The plan roughly described in the NY Times article is a good step in the right direction. It is fascinating in the sense that I find it to be totally at odds with the Bush doctrine (if there is such a thing). It suggests to me that in these final days, government is no longer following, in all cases, Dubya's lead.
It is about time that we address the present and more importantly, our precious future.

2 comments:

Anonymous said...

Hi Gary,
Good job on the latest blog posting. I whole-heartedly concur with you, except on one point. I learned on MSNBC this morning that the AIG trip was for their life insurance producers, independent agents who had won the trip as a perk for their production. Only 10 AIG executives attended the combination meeting/pleasure. This is no excuse for the fact that AIG borrowed $83 billion and is now seeking another nearly $38 billion, and yet didn't cancel their trip. Their producing agents possibly would have discontinued doing business with AIG. Too bad, by my reckoning. AIG should have to pay back the nearly $500,000 they spent on the trip immediately, if not sooner!

"Simplifried" said...

Hi Don,
I had already read the purpose behind the trip. Incidentally, I realize now that the way my comments read could be construed to think that I thought AIG guys should go to jail because of the trip. My bad. AIG guys should go to jail for not meeting their fiduciary responsibilities.
If I had been in a position to call the shot, I would have sent a letter to all of the sales force that had qualified for the trip and told them that in light of the recent urgencies at AIG, the need for Federal funds to stay afloat, etc etc, AIG is cancelling the trip and offering a cash commission bonus (or any number of ways to meet their obligation to the performers) instead.
Those producing agents that got their nose out of joint from this decision could leave if they wanted to, but you and I know the hard facts of abrupt changes in our daily lives and in business. To me, this would have been one of the easiest decisions to make on the part of AIG execs among a long list of hard decisions. Ask the 15% of people being laid off by Micron (just as an example) what they thought of the AIG saqles trip and the 23K or so spent on spa services. As a manager we have to know that sending the wrong signals to the various stakeholders (agents, employees, investors, customers, regulators, press, public opinion, etc) can be a huge mistake. These guys didn’t even have the savy to recognize that. It was, and still is, scandalous. However, it is also typical of the hubris that has become such a prominent fixture in American thinking. I include everyone from the impulse buyers at WalMart to the scoundrel executives with obscene pay:
http://www.sfgate.com/cgi-bin/article.cgi?f=/c/a/2008/10/09/BU0E13EBUT.DTL

Not convinced? Go google (news) three words: "AIG" "Executive" and "Pay"

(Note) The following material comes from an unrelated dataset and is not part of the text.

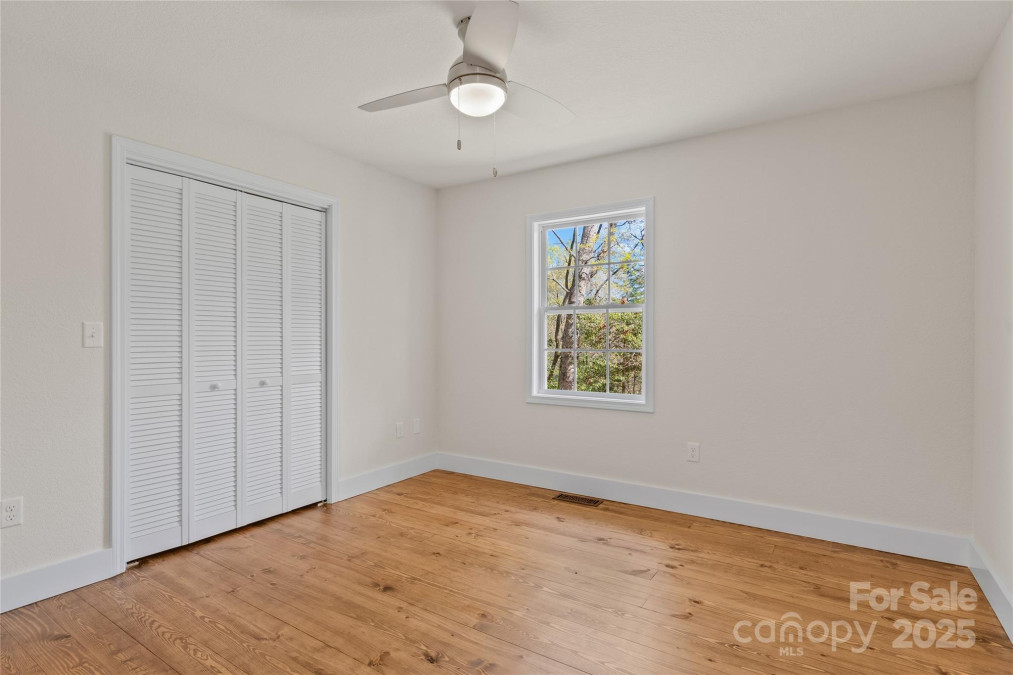 39 Sherwood Village Ln Brevard, NC 28712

Just read the list of headlines. Then tell me you think that AIG had a reason to go ahead with a luxuirous bonus trip for their sales performers. Or tell me that by deciding to go ahead served the higher need of the company, let alone the rest of the stakeholders. Of course it didn't. The resulting bad publicity will cause this company's name to join the infamy list. It is a complete P.R. rout. The most aggrieved victims are the employees and the shareholders. These guys should be tarred, feathered, and dangled from a wire outside their awaiting prison cells. They certainly deserve no more then your average Guantanomo inmate.